Cognée ouvre la marche et nous accueille avec une série d'immenses toiles représentant des fleurs à la limite de la fanaison, cadrées en très gros plan. Le peintre pratique une tambouille bien particulière à base de cire qu'il fait fondre et produit de cette manière des effets étonnants : le geste pictural semble se dissoudre dans les volutes troubles d'une matière déliquescente, ce qui amplifie la fragilité de ces pétales flétris. Après un détour dans les bois avec une série de puissants paysages forestiers face auxquels notre regard vient se heurter, c'est à la mer que nous emmène Philippe Cognée, avec une série de châteaux de sable traités selon la technique évoquée plus haut. Vouées à disparaître avec la marée montante, ces constructions éphémères semblent également se dissoudre à l'approche de notre regard, qui lui-même se noie dans la matière picturale.

L'expo enchaîne avec Cristina Iglesias, qui nous invite à explorer une sorte d'étroite grotte labyrinthique creusée dans un imposant monolithe. Un à un, les visiteurs découvrent alors un environnement aussi humide qu'onirique où fusionnent le minéral et le végétal, tandis que tout autour, sur les murs, des sérigraphies sur cuivre retravaillées à l'acide suggèrent l'environnement propre aux cavernes.

Pollen et chlorophylle

Si Iglesias déploie des moyens considérables pour créer un environnement illusionniste, c'est tout l'inverse chez Wolfgang Laib. Fortement influencé par les cultures indiennes, l'artiste prône depuis les années 70 une forme de minimalisme ascétique et a fait le choix de ne présenter, ici, que trois œuvres, qui semblent exacerber mutuellement leur potentiel énergétique. Des ondulations méditatives réalisées au pastel blanc s'opposent au noir abrasif d'un œuf cosmique en granit, dont la masse considérable contraste avec la légèreté que l'on imagine d'un immense carré jaune luminescent, constitué de grains de pollen patiemment récoltés par l'artiste, dans une approche quasi méditative.

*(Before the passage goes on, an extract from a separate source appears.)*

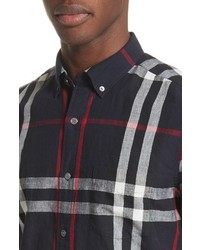 Burberry Elfords Slim Fit Short Sleeve Check Linen Cotton Sport Shirt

Enfin, c'est avec une grande figure de l'arte povera que se conclut l'exposition : Giuseppe Penone, qui depuis les années 70, interroge la possible interaction avec le vivant dans un monde dont la culture dominante tend à nous en éloigner toujours plus. La notion d'empreinte, de trace, traverse toute son œuvre. Elle se retrouve ici dans l'installation centrale, faite de végétaux anthropomorphiques, mais surtout dans les immenses toiles sur lesquelles sont représentées des forêts réalisées à partir des éléments qui la constituent : feuilles, écorces, sève, chlorophylle. En pratiquant l'estampage, le prélèvement de traces, il se reconnecte avec la nature et nous avec. À la sortie de ce beau parcours, on se dit que l'art est effectivement, parfois, un beau moyen de nous aider à renouer avec la nature, surtout lorsque, comme ici, il ne parle pas tant de la nature elle-même que du rapport que l'on peut entretenir avec elle.